▶ **TASK TO COMPLETE**:
Drop all images. Then write out each line below exactly as given.

▶ **RECORDED INFORMATION**:
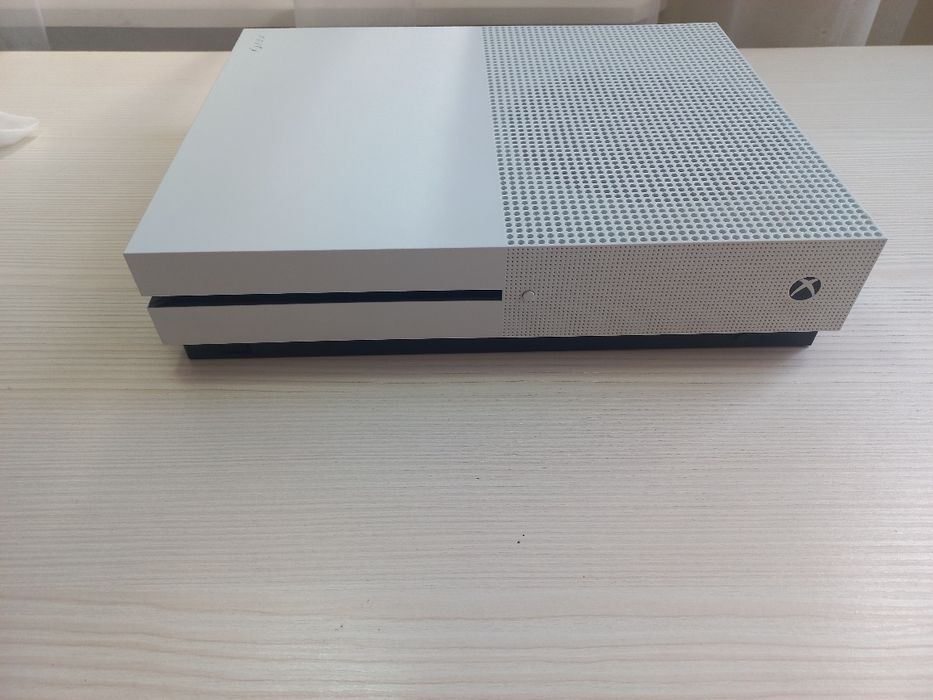 Xbox one S 1tb, 1 геймпад +гра в подарунок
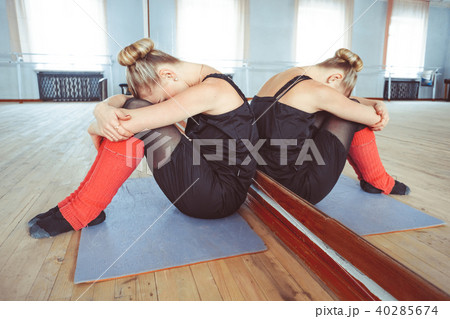 the dancer makes the warm-up 40285674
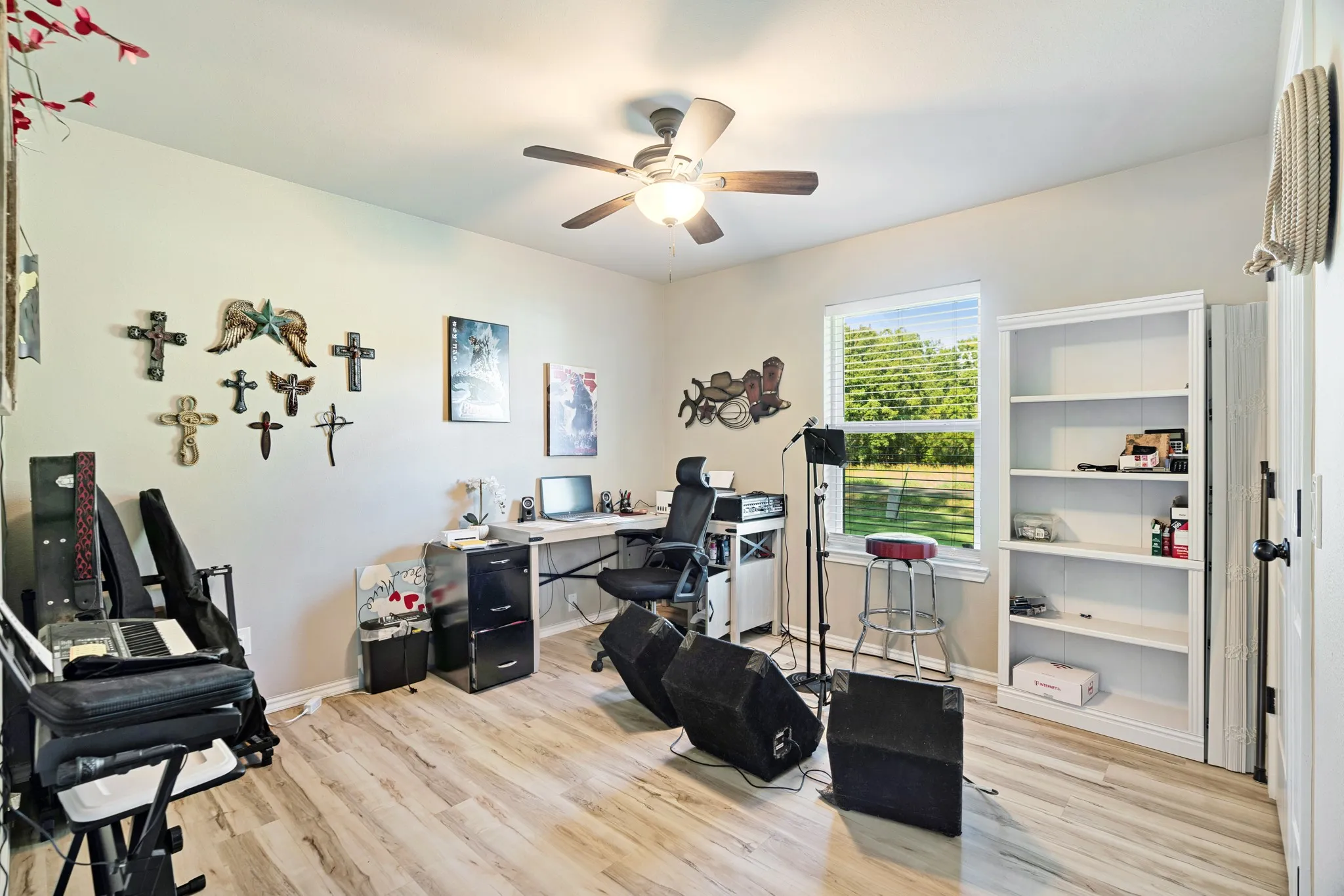 Single Family Residence For Sale in Lamar County , 650 FENDLEY, Blossom, Texas 75416, 3 Bedroom, 2 Bathroom, 1 Garage spaces, 1,440 Sqft, built in 2023, mls#21380944, Real Estate Agent in Blossom, Homes For Sale in Lamar county, Homes For Sale in Blossom, Realtor in Blossom Texas, Real Estate Brokerage Independent Realty Texas, Luminita Cordes Realtor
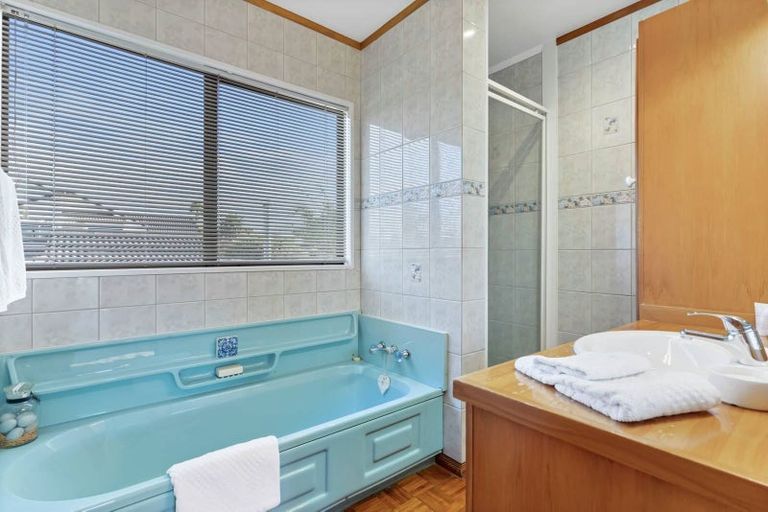 Photo of property in 1/38 Himalaya Drive, Half Moon Bay, Auckland, 2012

▶ **TASK SOLUTION**:
 Xbox one S 1tb, 1 геймпад +гра в подарунок
 the dancer makes the warm-up 40285674
 Single Family Residence For Sale in Lamar County , 650 FENDLEY, Blossom, Texas 75416, 3 Bedroom, 2 Bathroom, 1 Garage spaces, 1,440 Sqft, built in 2023, mls#21380944, Real Estate Agent in Blossom, Homes For Sale in Lamar county, Homes For Sale in Blossom, Realtor in Blossom Texas, Real Estate Brokerage Independent Realty Texas, Luminita Cordes Realtor
 Photo of property in 1/38 Himalaya Drive, Half Moon Bay, Auckland, 2012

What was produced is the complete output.